Pensez-vous que garder la compétence eau à l'échelle communale soit plus efficace et moins coûteux ?

Si on considère que ce dossier a été mal géré par les communes, qu'on nous le dise ! La doxa portée à son zénith par la loi Notre, consiste à voir XXL, à mutualiser en vue de réaliser des économies et d'être plus efficaces. Nous sommes plutôt pour une doxa rééquilibrante qui consiste à dire : « Ne sous-estimez pas la force d'innovation, d'adaptation des élus locaux dès lors qu'on leur laisse la faculté de le faire, la confiance et les moyens ». Dans les communes rurales, les maires connaissent bien leur réseau, peuvent le faire réparer ou quand il y a une intervention plus lourde faire appel à un artisan local. Si les communes bénéficient des subventions de l'Agence de l'eau, elles arriveront à rénover leur réseau. Après, en contrepartie, il faut des exigences de qualité, de limites de pertes d'eau et il n'est pas normal que, dans les Hautes-Alpes il y ait encore une dizaine de communes sans compteur d'eau.

Quel est l'état des réseaux en France ? Sont-ils en très mauvais état ?

Ça dépend. Parfois, certains élus refusent l'intercommunalisation car ils ont modernisé leur réseau et n'entendent pas payer pour ceux qui ne l'ont pas encore fait. Ça s'entend, mais ce n'est pas un bon argument pour moi. Il faut faire preuve de solidarité et d'exigence.

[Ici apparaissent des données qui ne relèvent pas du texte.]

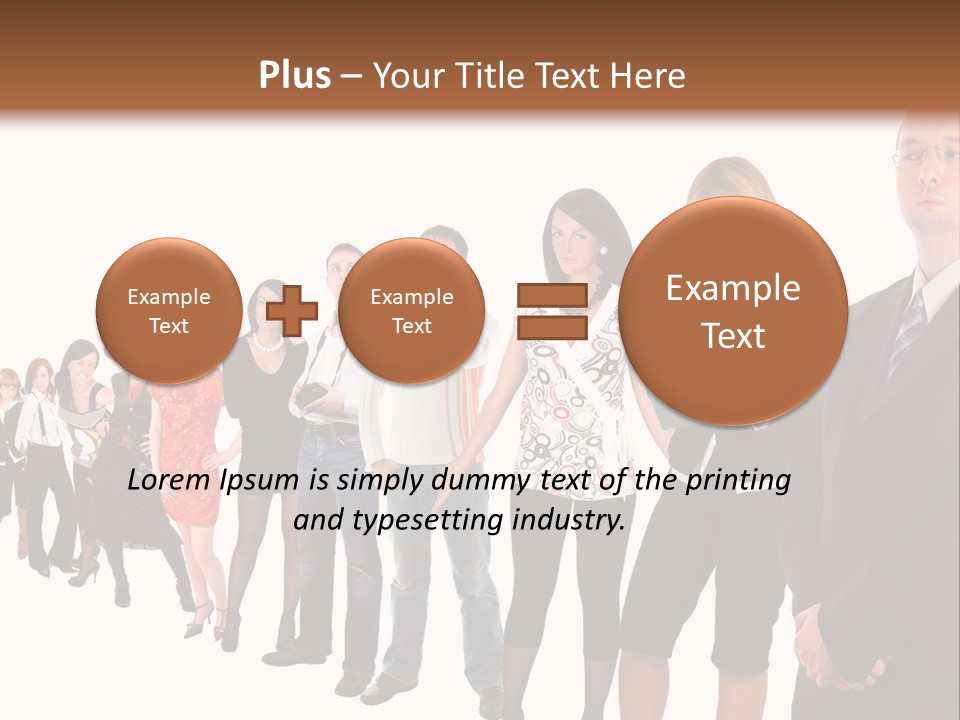 Group Background Fun PowerPoint Template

J'entends aussi les opposants au transfert de la compétence eau dire qu'il y a un risque de confier la gestion à des grands groupes. Ce n'est pas le sujet principal. Ce qui m'importe, c'est que les choix soient faits par les conseils municipaux. Que les 17 communes de l'agglomération Gap-Tallard-Durance aient décidé à l'unanimité de ne pas transférer l'eau à l'intercommunalité, vous ne trouvez pas qu'il y a un problème ?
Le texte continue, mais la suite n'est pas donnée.